Output the lines of the listing below exactly, starting at the line containing "Büro in Hockenheim 950,00 € 90 m²" and stopping after the last line, with any pictures dropped.

# SUPPLIED ENTRIES
▶
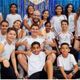 Imagem - Conheça professor do ES que ficou no Top 50 do 'Nobel da Educação'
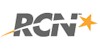 RCN bandwidth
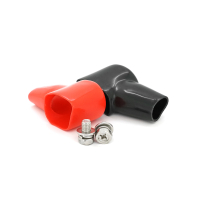 Батарея LiFePo4 Dyness 25,6V 100Ah (100/100A) (Eco-Worthy-251004)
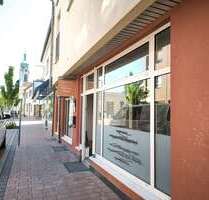 Büro in Hockenheim 950,00 € 90 m²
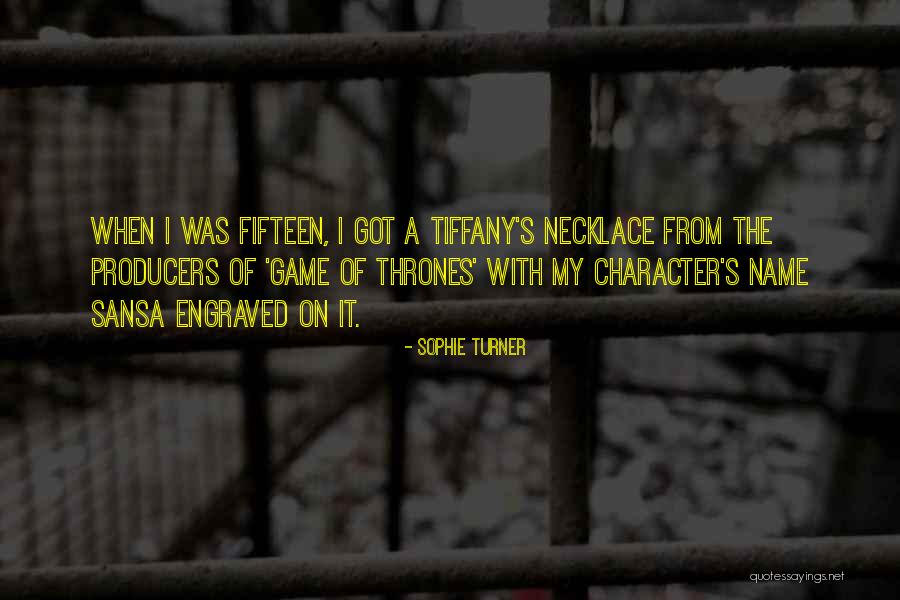 1697 Latham Quotes By Sophie Turner 1697 Latham Quotes By Sophie Turner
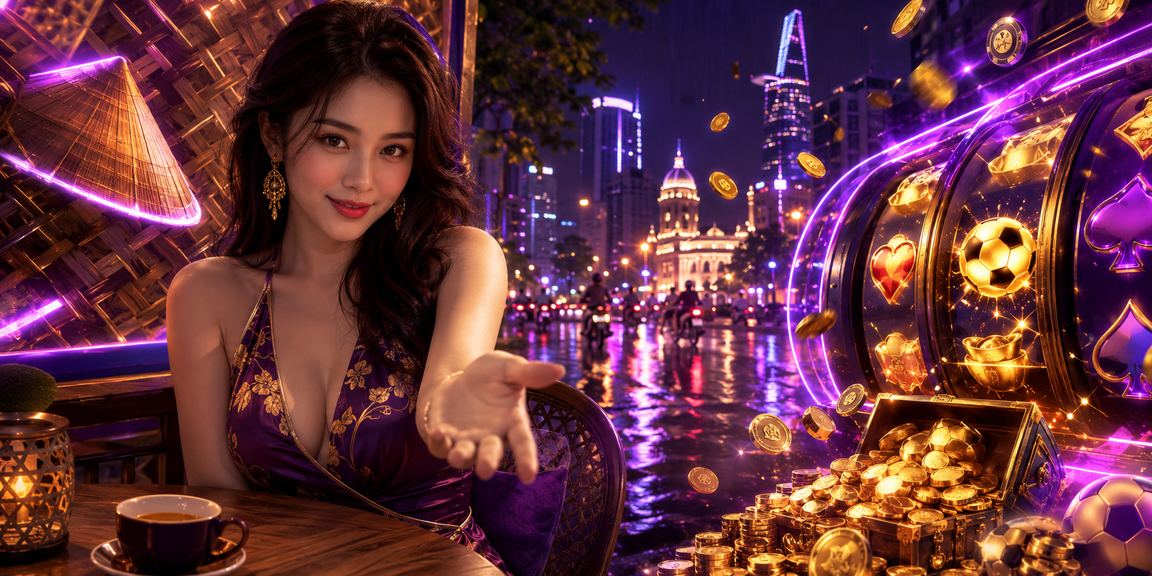 sxthu 5
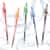 Easy Writer Javalina® Upcycle Pen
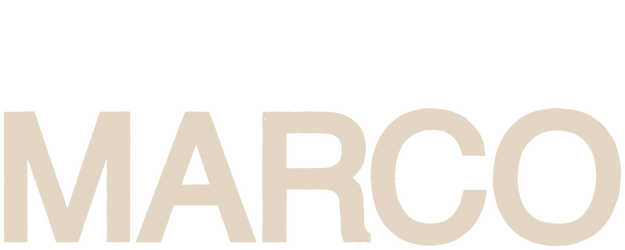 Marco logo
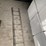 #2779-•-wooden-extension-ladder-image-2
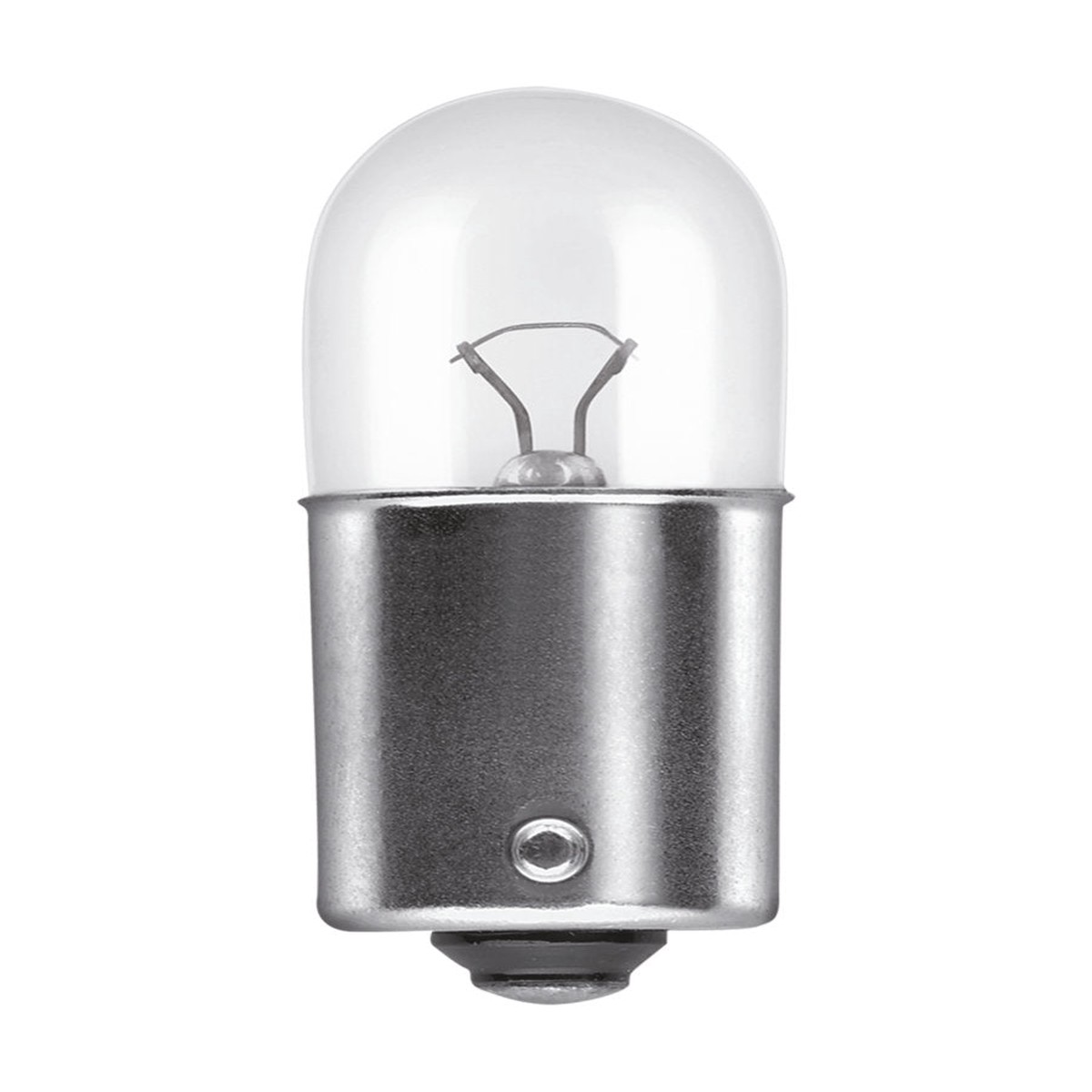 Osram 5007 R5W 12V High-Performance Automotive Bulb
◀
# ANSWER TO THIS TASK
 Büro in Hockenheim 950,00 € 90 m²
 1697 Latham Quotes By Sophie Turner 1697 Latham Quotes By Sophie Turner
 sxthu 5
 Easy Writer Javalina® Upcycle Pen
 Marco logo
 #2779-•-wooden-extension-ladder-image-2
 Osram 5007 R5W 12V High-Performance Automotive Bulb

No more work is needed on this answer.